William Shakespeare’s position as England’s national poet is unquestioned. But his plays have also held an essential place in American culture for over 200 years. Americans of all stripes — presidents and activists, writers and soldiers — have turned to Shakespeare to explore the nation’s fault lines and have found the darkest nightmares of its past – tyranny, assassination and battles over same-sex love, cross-dressing and interracial marriage – played out in his most celebrated works.

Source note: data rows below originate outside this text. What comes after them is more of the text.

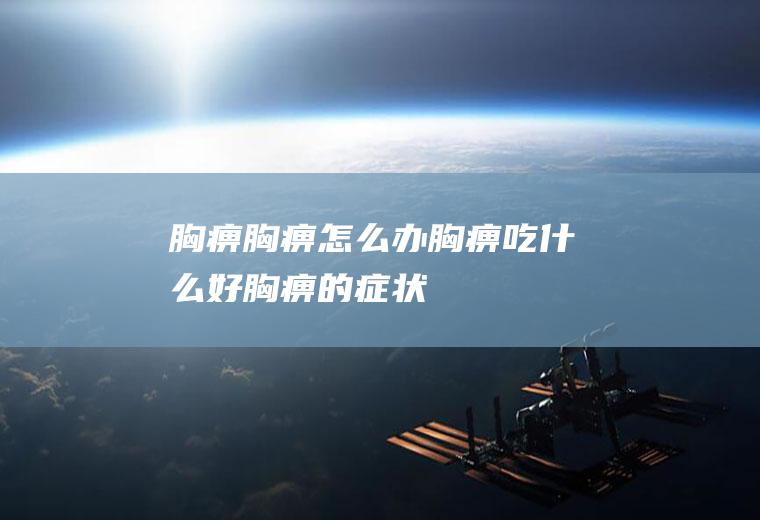胸痹_胸痹怎么办_胸痹吃什么好_胸痹的症状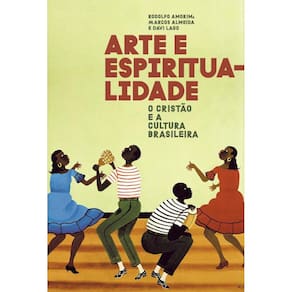 Arte e Espiritualidade: O cristão e a cultura brasileira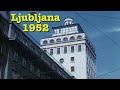 Ljubljana Slovenia 1952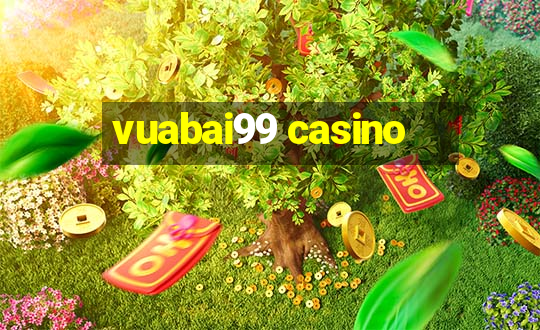 vuabai99 casino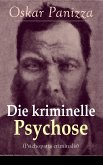 Die kriminelle Psychose (Psichopatia criminalis) (eBook, ePUB)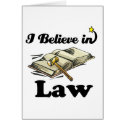 i believe in law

In this special event James Shapiro, the leading American Shakespeare scholar, was joined by a cast of distinguished actors, Chukwudi Iwuji, Harriet Walter and Samuel West, to bring to life the themes of Shapiro’s recent book, Shakespeare in a Divided America. We encountered John Quincy Adams, the abolitionist president, who nonetheless could not conceal his dismay at Desdemona’s interracial marriage to Othello; Abraham Lincoln and his assassin John Wilkes Booth, both obsessed by Shakespeare’s tragic heroes; and most tumultuously of all, we revisited the notorious 2017 production of Julius Caesar in Central Park, when a Donald Trump look-alike in the role of Caesar was assassinated nightly to howls of outrage from the political right.
‘A thrilling book from first page to last. James Shapiro has discovered that Shakespeare is the canary in the coalmine of American history, always the surest guide to the way things are headed.’ – Nicholas Hytner
Speakers are subject to change.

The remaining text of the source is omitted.